出撃の日。〈アステリオン〉の格納庫には緊張が漂っていた。

最新鋭モビルスーツ〈RX-Λ〉が、初めて実戦に投入される。パイロットはレイ・アルヴァ。彼は無言でスーツに身を包み、コックピットへと向かう。

アヤは、医療班の控室からその姿を見つめていた。胸の奥がざわめく。彼が遠ざかるほど、彼の心が近づいてくるような感覚。

「……レイ」

その名を呼んだ瞬間、彼の意識が、まるで返事をするように響いた。

『怖くない。君がいるから』

アヤは目を見開いた。彼の声が、直接心に届いた。距離も通信も超えて、ふたりの意識が繋がっていた。

〈RX-Λ〉が発進する。宇宙の闇を切り裂く白い軌道。敵は、反連邦勢力の小型艦隊。数は少ないが、機動力に優れたゲリラ型MSが多数。
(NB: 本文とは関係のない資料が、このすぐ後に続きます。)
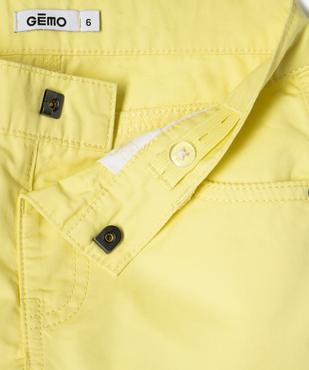 Bermuda en twill avec revers cousus garçon vue2 - GEMO 4G GARCON - GEMO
レイは冷静に戦う。だが、敵の一機が彼の死角から急接近する。

その瞬間――

「右後方!来るよ!」

アヤの声が、彼の意識に響いた。レイは反射的に機体を旋回。ビームサーベルが敵機を切り裂く。

『……君が見えてるのか?』

『わからない。でも、感じるの。あなたの鼓動が』

戦闘は続く。だが、レイの動きは次第に変わっていく。まるで、ふたりで操縦しているかのような滑らかさ。〈RX-Λ〉の反応速度が、通常の限界を超えていた。

艦内では、整備班が騒然としていた。

「この反応……ニュータイプ同士の共鳴か?」

「いや、それ以上だ。機体が“歌って”いる……」

戦闘終了後、レイは無傷で帰還する。だが、彼の表情はいつもと違っていた。

静かに、優しく、微笑んでいた。

「君の声が、俺を導いてくれた。ありがとう、アヤ」

アヤは言葉を返せなかった。ただ、涙が頬を伝っていた。

それは、戦場で交わされた、最初の“愛の残響”だった。